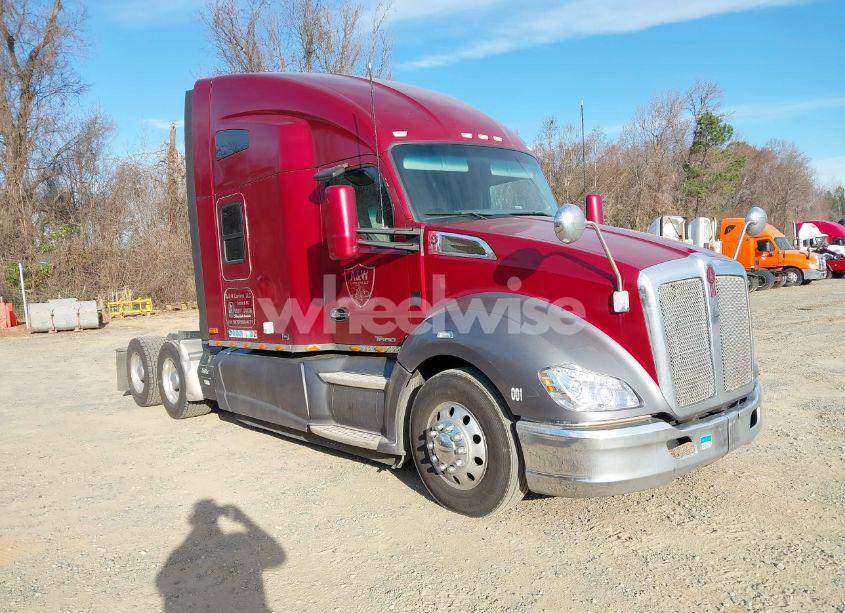 2015 Kenworth Construction T680 (VIN 1XKYDP9X6FJ445771) main photo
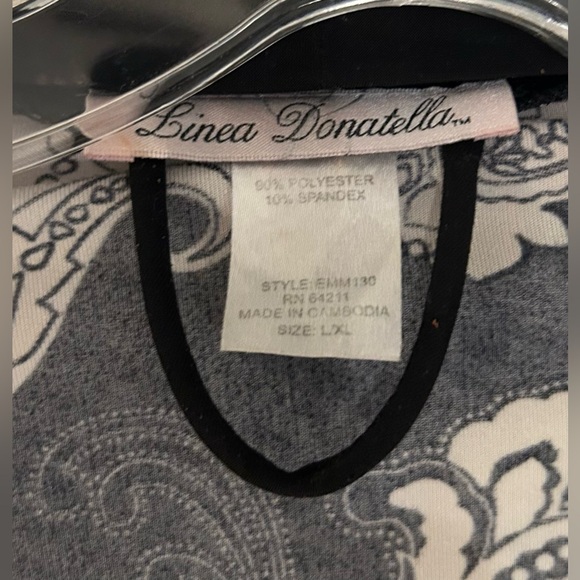 Linea Donatella, satin robe. Sz L/XL - Picture 5 of 13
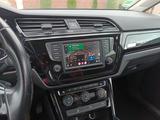 Volkswagen Touran 1.4 TSI DSG Comfortline Comfortline - VW Touran von privat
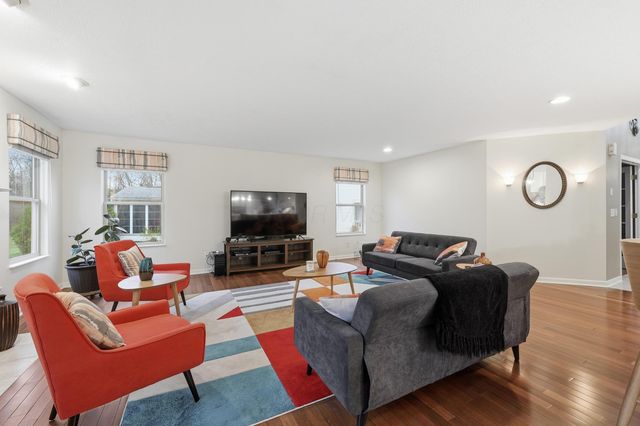 2614 Jefferson Estates Court, Blacklick, OH 43004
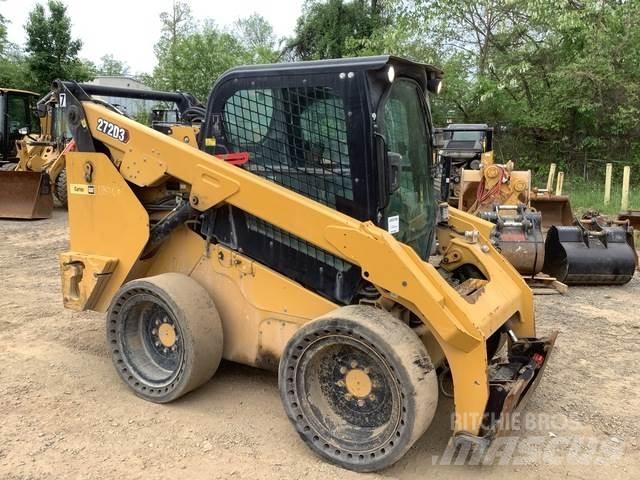 CAT 272D3 Kompaktlastare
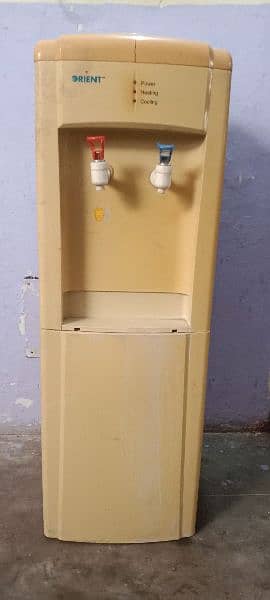 Orient Water Dispenser 0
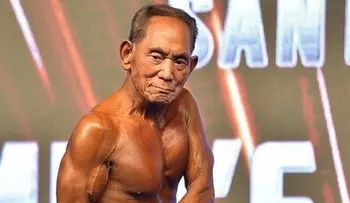 Toshisuke Kanazawa, a los 90 años, gana su 17º título y sigue haciendo historia en el fisicoculturismo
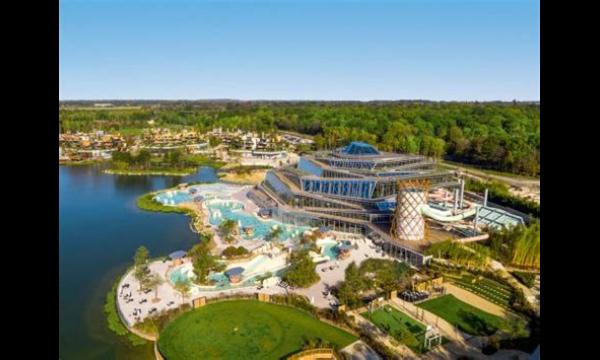 In het Les Villages Nature-resort vlakbij Disneyland Parijs met een enorm waterpark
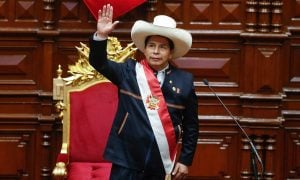 Presidente do Peru confirma renúncia do gabinete ministerial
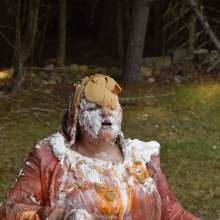 JD and Messy Andi: Andi Visits The Sploshing Cafe!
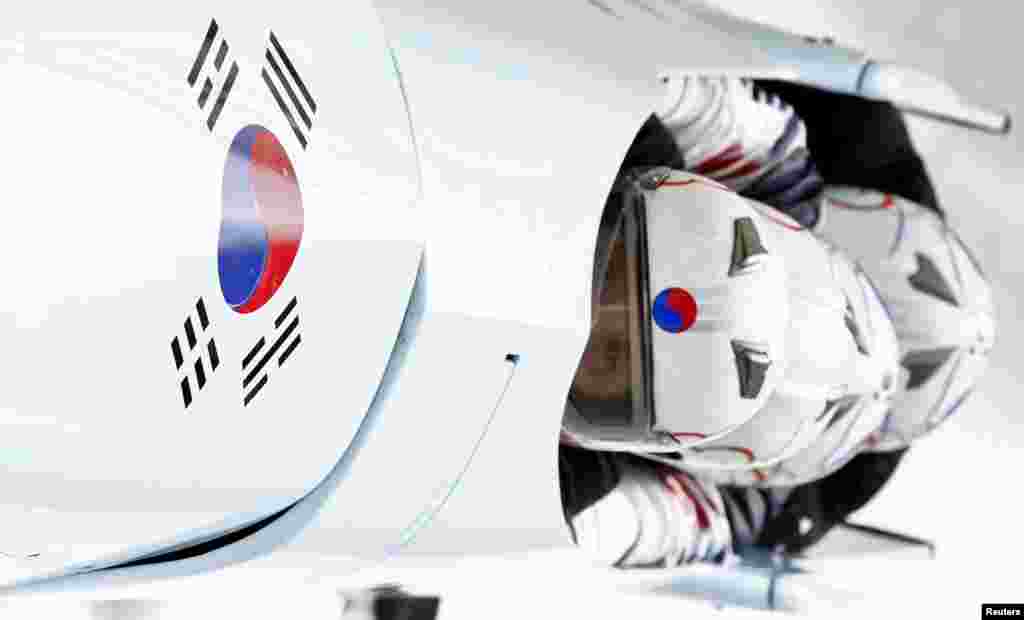South Korea&#39;s pilot Kim Dong-hyun (front) and his teammates speed down the track during a four-man bobsleigh training session at the Sanki Sliding Center in Rosa Khutor, near Sochi, Feb. 20, 2014.&nbsp;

===============

> Aim of the task
Your answer must be an exact copy of the listing, with every picture omitted.

> Reply
 2015 Kenworth Construction T680 (VIN 1XKYDP9X6FJ445771) main photo
 Linea Donatella, satin robe. Sz L/XL - Picture 5 of 13
 Volkswagen Touran 1.4 TSI DSG Comfortline Comfortline - VW Touran von privat
 2614 Jefferson Estates Court, Blacklick, OH 43004
 CAT 272D3 Kompaktlastare
 Orient Water Dispenser 0
 Toshisuke Kanazawa, a los 90 años, gana su 17º título y sigue haciendo historia en el fisicoculturismo
 In het Les Villages Nature-resort vlakbij Disneyland Parijs met een enorm waterpark
 Presidente do Peru confirma renúncia do gabinete ministerial
 JD and Messy Andi: Andi Visits The Sploshing Cafe!
South Korea&#39;s pilot Kim Dong-hyun (front) and his teammates speed down the track during a four-man bobsleigh training session at the Sanki Sliding Center in Rosa Khutor, near Sochi, Feb. 20, 2014.&nbsp;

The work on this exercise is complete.